The reason I'm asking this is because of the way the some explanations use the word "generate" to signify that a smaller structure generates a larger one, without having said what the larger one is. For example, it is said that vector spaces generate tensor products or Clifford algebras. Continuing with the example of the vector space of ordered pairs of real numbers over the reals, by equipping it with the standard inner product, I'm allowed to say that this space generates a Clifford algebra with a subspace of bivectors in it. Well, what are these bivectors? Yes, I can symbolically represent them as $\alpha (1,0) \wedge (0,1)$ and say that $(0,1) \wedge (1,0) = -(1,0) \wedge (0,1)$, but can I go any further than this without introducing additional characterizations, such as saying that $(a,b) \wedge (c,d) = ad - bc$? Or is it that the symbolism is what matters? If instead we began with a specific instance of a Clifford algebra that had the vector space in question as a subspace, then it'd make more sense to me to say something like "the vector space generates the Clifford algebra".

Maybe I'm stuck on what mathematicians mean by "generate" when they use the word without explictly constructing an example of the larger structure when starting from a smaller one. Is the intention to build a "skeleton" of the larger structure, without explicitly saying what its elements should be? If this is the case, isn't this potentially problematic, as not giving an explicit construction may raise the question of whether anything that fits this "skeleton" even exists at all, aside from formal symbolic expressions?

Answer 1

Now instead of starting with the vector space, suppose we go the opposite way, and ask straight away "what vector space do the ordered pairs $(1,0)$ and $(0,1)$ generate over the reals?"

The problem with this is that it's not clear what the notation $(1, 0)$ and $(0, 1)$ means here. Are these formal symbols or are they ordered pairs of real numbers? If the latter, you are already talking about $\mathbb{R}^2$ (this is clear later in your discussion when you manipulate sums of ordered pairs in the usual way), so you haven't avoided doing that.

The reason I'm asking this is because of the way the some explanations use the word "generate" to signify that a smaller structure generates a larger one, without having said what the larger one is. For example, it is said that vector spaces generate tensor products or Clifford algebras.

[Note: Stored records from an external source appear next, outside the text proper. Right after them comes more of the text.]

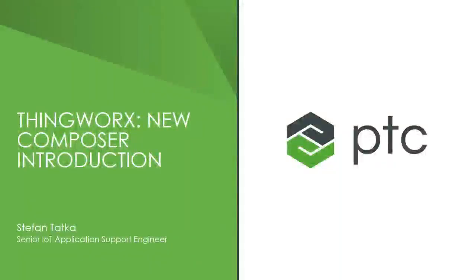Hello everyone, my name is Stefan Tatka and I'm here today to introduce you to a new feature that's been made available in some of the more recent releases of the ThingWorx platform that you may not have realized was actually there.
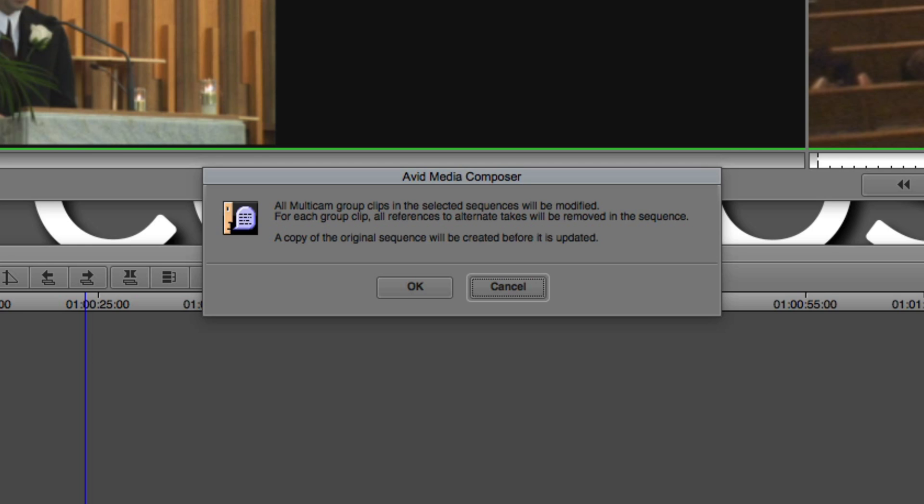But a copy of the original sequence will be created before it's updated, of course, because you might have to go back and make a change. So Media Composer, as soon as I say OK, will commit this.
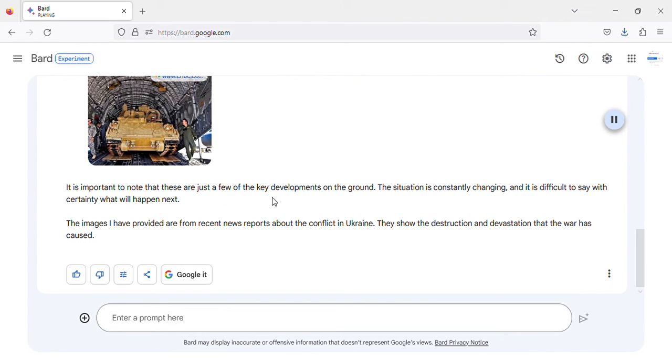just a few of the key developments on the ground. The situation is constantly changing, and it is difficult to say with certainty what will happen next.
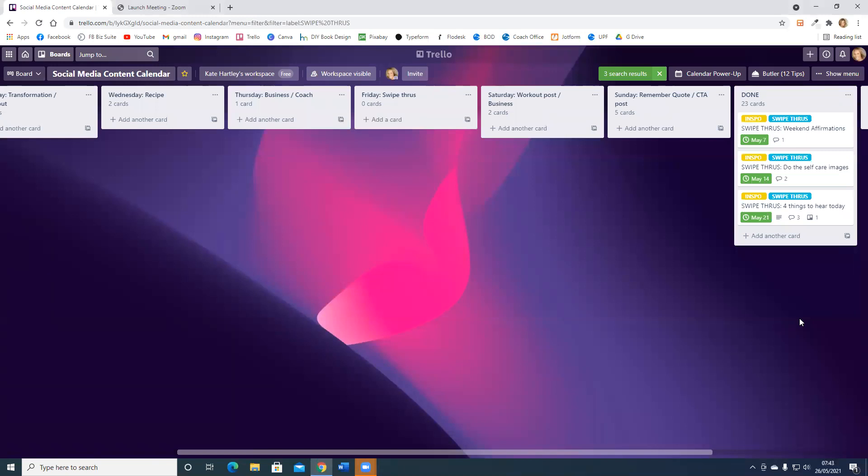Now I'm going to go into my Canva where I create my swipe throughs, and I'm actually going to schedule or draw down and put it into here, into this card, the swipe throughs that I'm going to share on Friday.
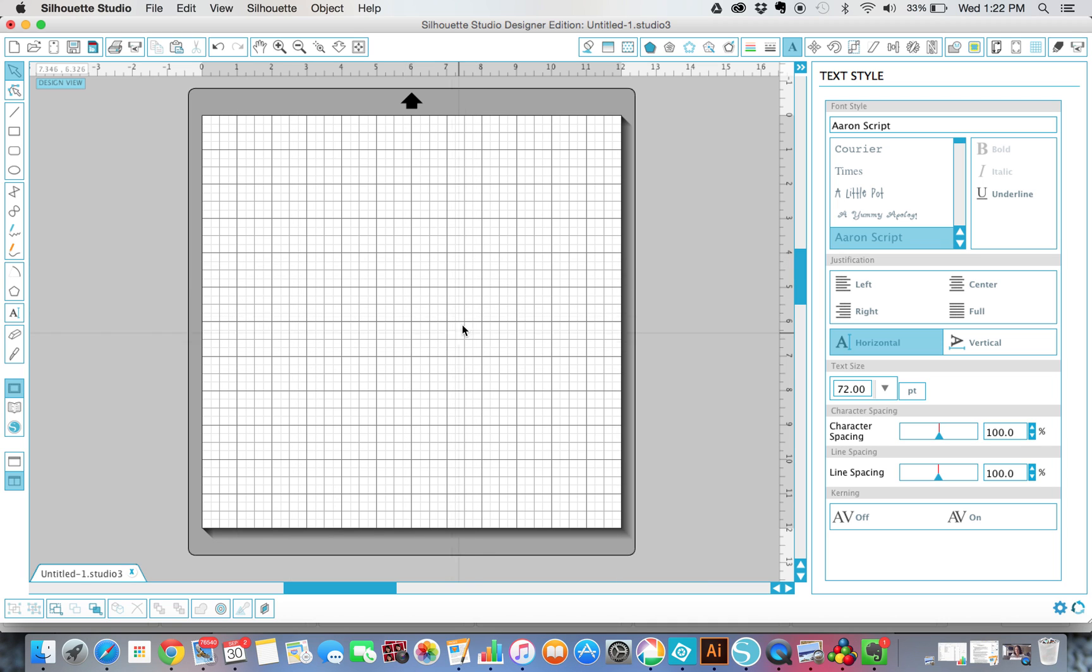So I just opened up Silhouette Studio. I am using the Designer Edition, so if you are not, mine might look just a tiny bit different, but you'll be able to do the same thing. You can always upgrade to the Designer Edition. It's usually, you can find a good sale somewhere around $25 on it, and it just opens up a whole new world of things you can do with it.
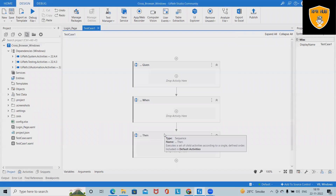Given, When, and Then are part of the BDD framework — Behavior Driven Development. In the Given section, we add everything necessary for initializing our test cases, such as setting up the environment, changing or assigning variables, and so on. The When section should contain our test scope — the steps executing the necessary actions to test our workflow.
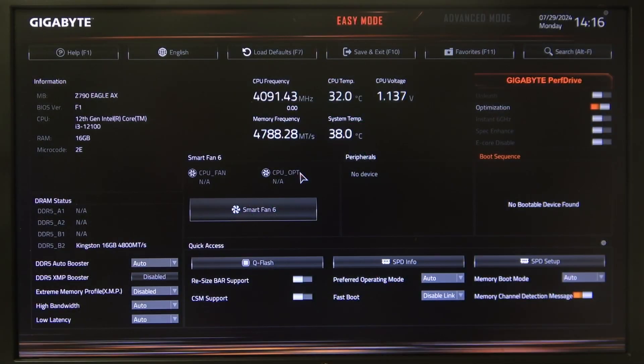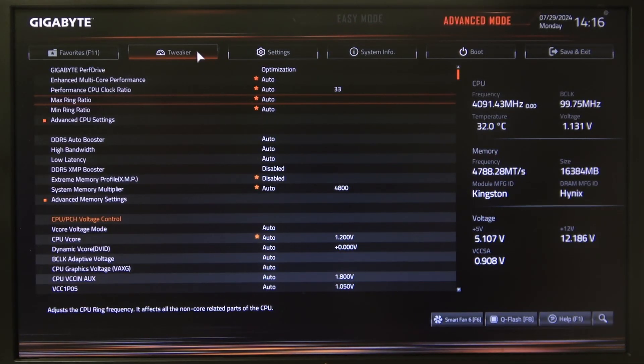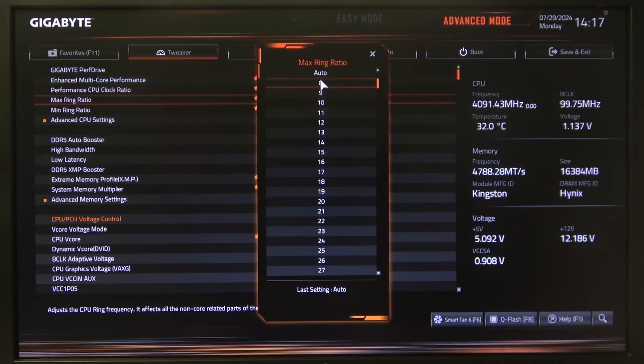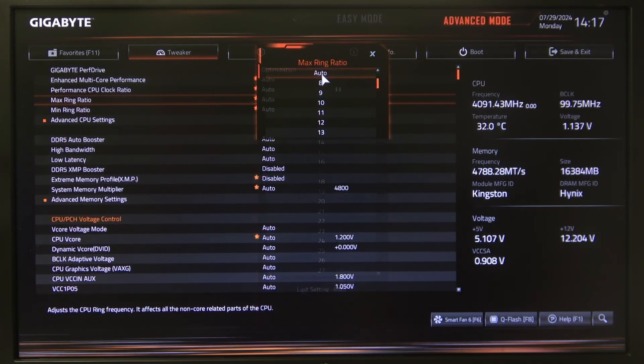To do this, first you will need to open the advanced BIOS settings, navigate to the Tweaker, then you can find max ring ratio and minimum ring ratio, where you can switch between different values or auto.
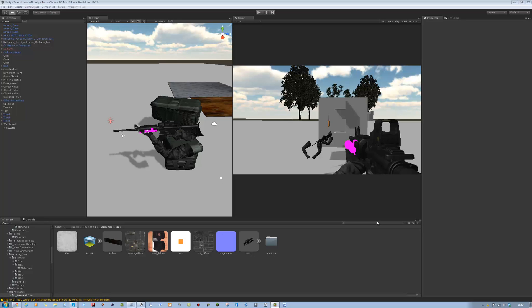Hi guys and welcome back to our tutorial series. In the last tutorial I taught you how to implement the hand-to-hand combat system into our script, which was a ray shoot script and it worked up pretty damn good. In this tutorial I'm going to be teaching you guys how to make a simple gun management system. Let's get started.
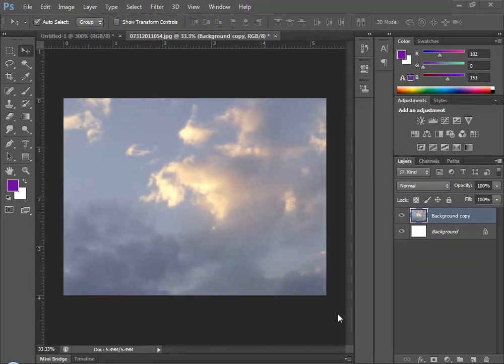Welcome. In this Skill Builder video, we're in Photoshop CS6 and I'm going to show you how to create a type mask that takes part of a photograph and turns it into text.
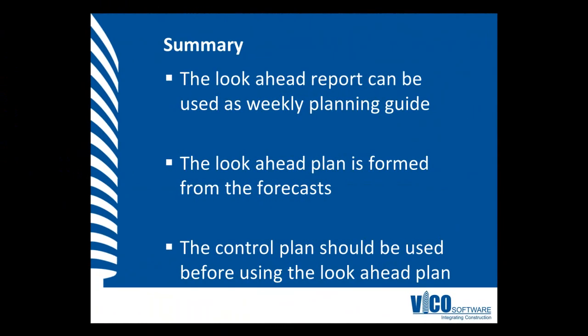In this vignette we've learned that the Look Ahead Report can be used as a weekly planning guide. The Look Ahead Report is formed from the forecast and should be used only after the forecast has been updated through the control plan.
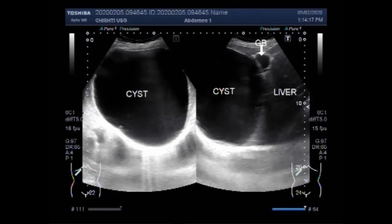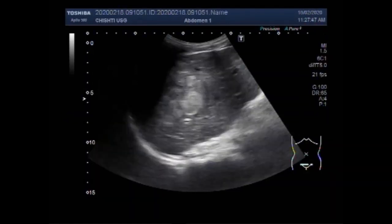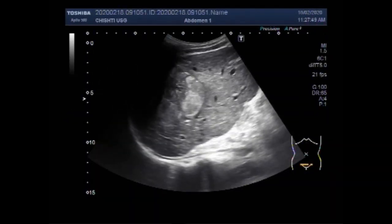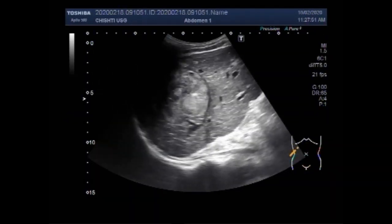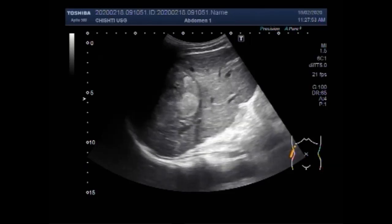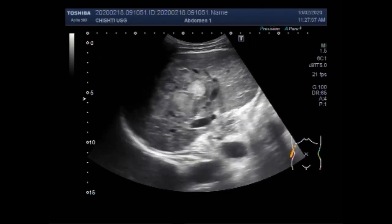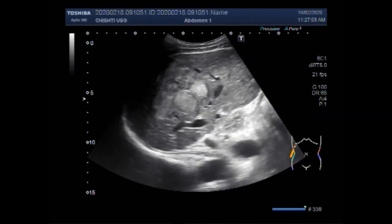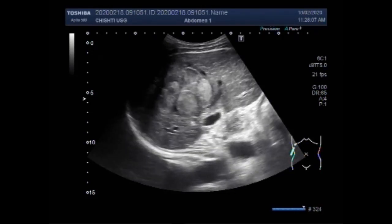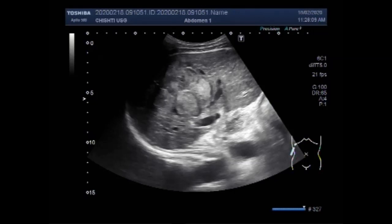Now you are going to see the second video. You can see a large mass in the liver, in the central portion, appearing to lie in between the right and left lobes of the liver. This is a semi-solid to solid mass.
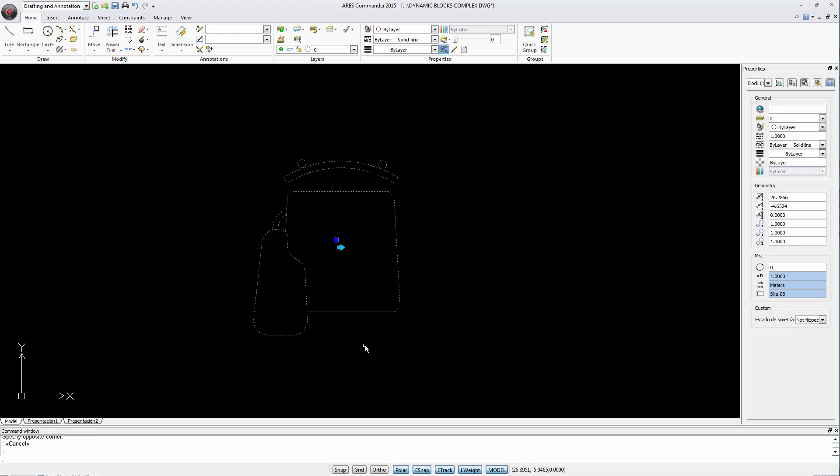In this example we can see that a dynamic block also has the ability to flip.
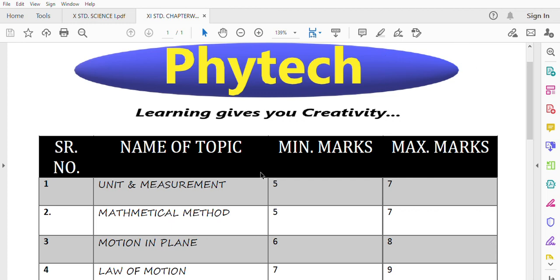Hello guys, I am Prasam Tessar and you are watching Phytech Tutorial. Learning gives you creativity.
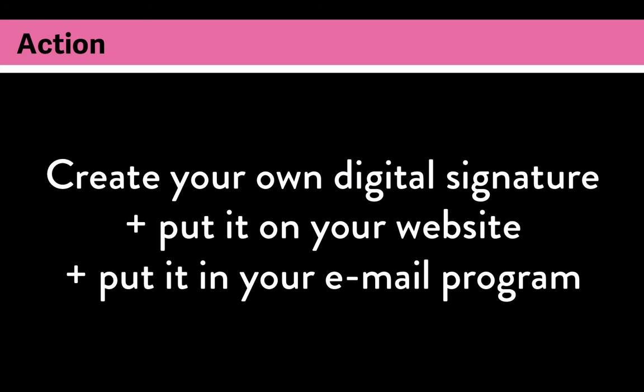So this lesson's action is to make your own digital signature for your website. Some great places to put it is on the bottom of your about page or on a sales page. If you're already using email marketing software like MailChimp or ConvertKit, go ahead and put your signature on the bottom of your next email. I will see you next time.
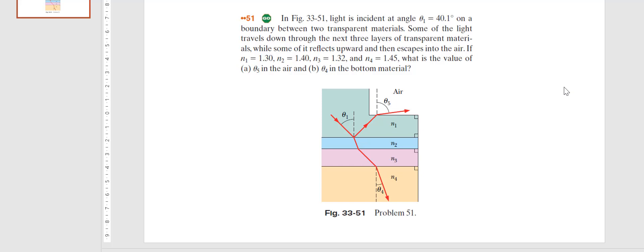Some of the light travels down through the next three layers of transparent materials, while some of it reflects upward and escapes into the air. The given values are n1 = 1.3, n2 = 1.4, n3 = 1.32, and n4 = 1.45. We need to find theta5 in the air and theta4 in the bottom material.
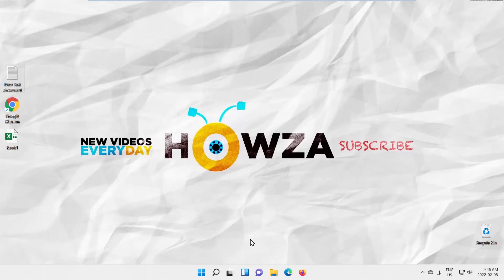Hey! Welcome to Howza channel! In today's tutorial, you will learn how to disable user account in Windows 11.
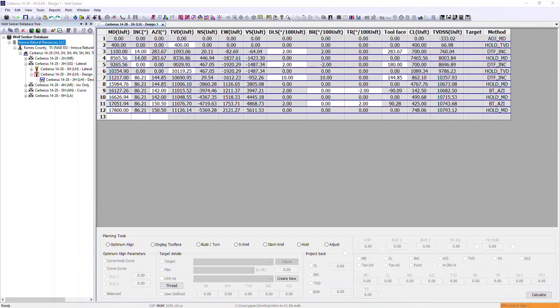In this WhaleSeeker Pro training video, I'll be introducing anti-collision. We'll take a look at all the various inputs that affect anti-collision and the different outputs available within the software.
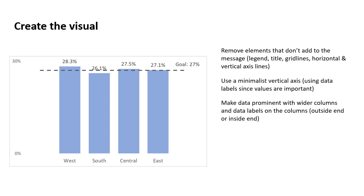The data, we want that to be prominent because, of course, that is the point of this visual. So what we've done is we've made the columns wider and added data labels for each of the columns. Now, you could do it outside the end, as I've done here in the example. You could do it inside the end. It kind of depends on where that dashed line sits and whether those data labels are going to be seen easily or not.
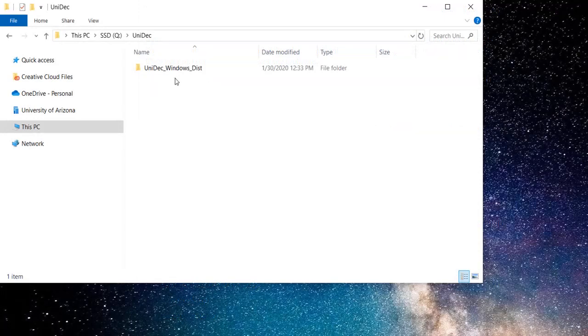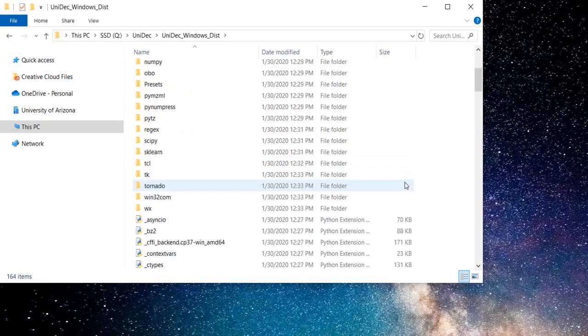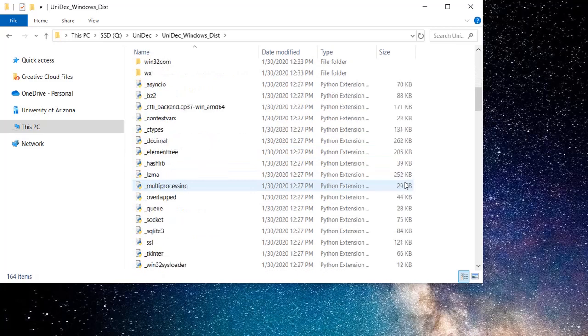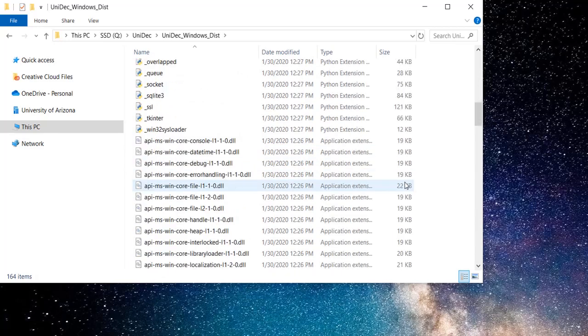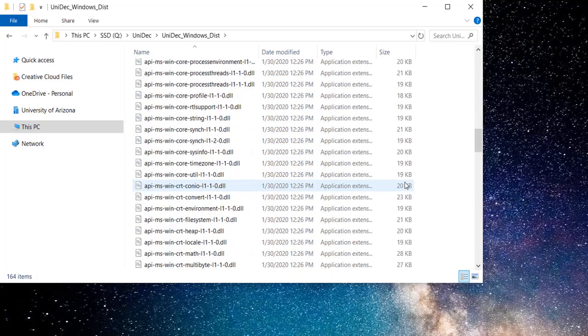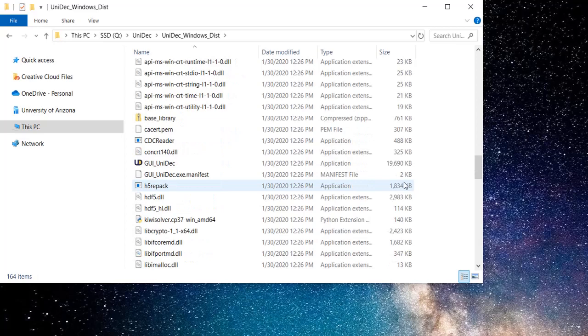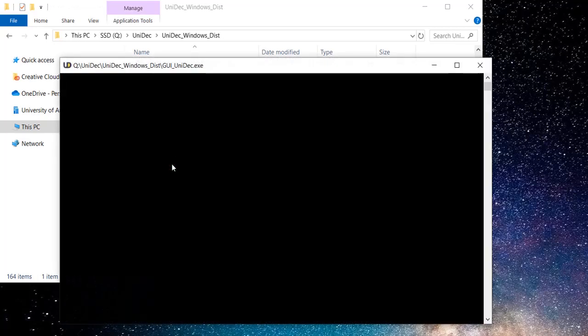Open the folder within the zip file and scroll down until you find GUI Unidec. Double-clicking this will launch the application.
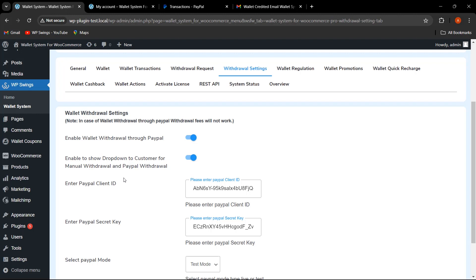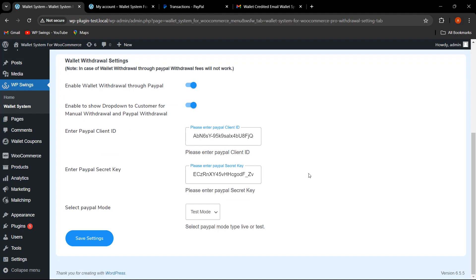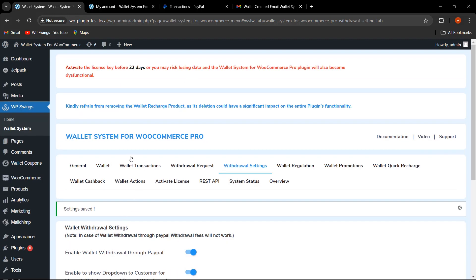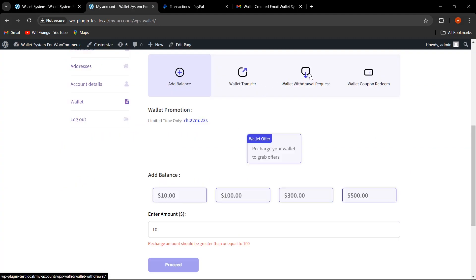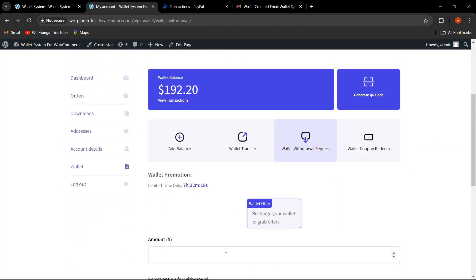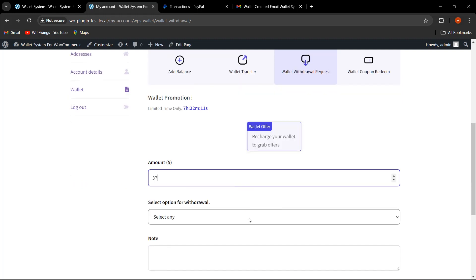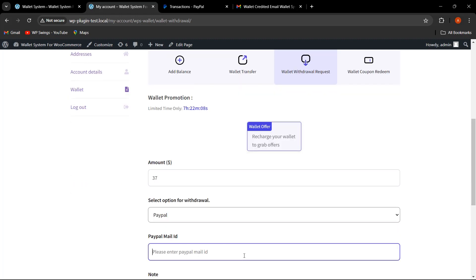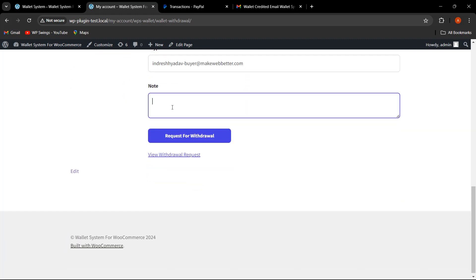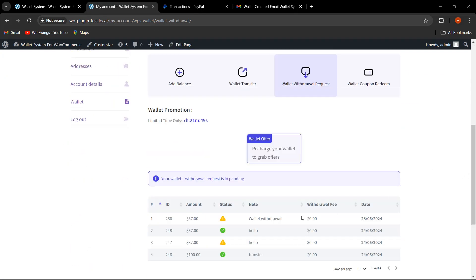The admin can also enable a dropdown for customers to choose between manual withdrawal or PayPal withdrawal. The admin needs to enter the PayPal Client ID and Secret ID and select the PayPal mode — we have selected Test Mode. After saving settings and going to My Account to request a wallet withdrawal, I select $37, choose PayPal, enter the email, add a note, and click 'Request for Withdrawal.' The request is submitted with status showing as Pending.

Yes, this is a subtle and important point. When we start with a vector space $V$ and produce from it, say, the tensor algebra $T(V)$ (I will stick to this example for now), this is not an object that lives inside an existing vector space we have already defined; it is a new vector space we cook up, using tensor products and direct sums, which are constructions that produce new vector spaces out of old ones. It's a little unclear what it means to say that $V$ "generates" the tensor algebra $T(V)$; more precisely we should say it freely generates $T(V)$, which is a statement with rigorous meaning (that I won't go into here).

The direct sum is not so hard to understand, it basically consists of finite sequences, but the tensor product is a genuinely tricky construction the first time you see it. You can say that the tensor product $V \otimes V$ consists of sums of formal symbols $v \otimes w$, but as you say:

Well, what are these bivectors?

To be maximally explicit here requires a precise construction of the tensor product. Here is the one I believe is standard: starting from two vector spaces $V, W$, we first construct the extremely large free vector space on the cartesian product $V \times W$; that is, we consider the space of formal linear combinations of pairs of a vector in $V$ and a vector in $W$, which we write as $v \otimes w$.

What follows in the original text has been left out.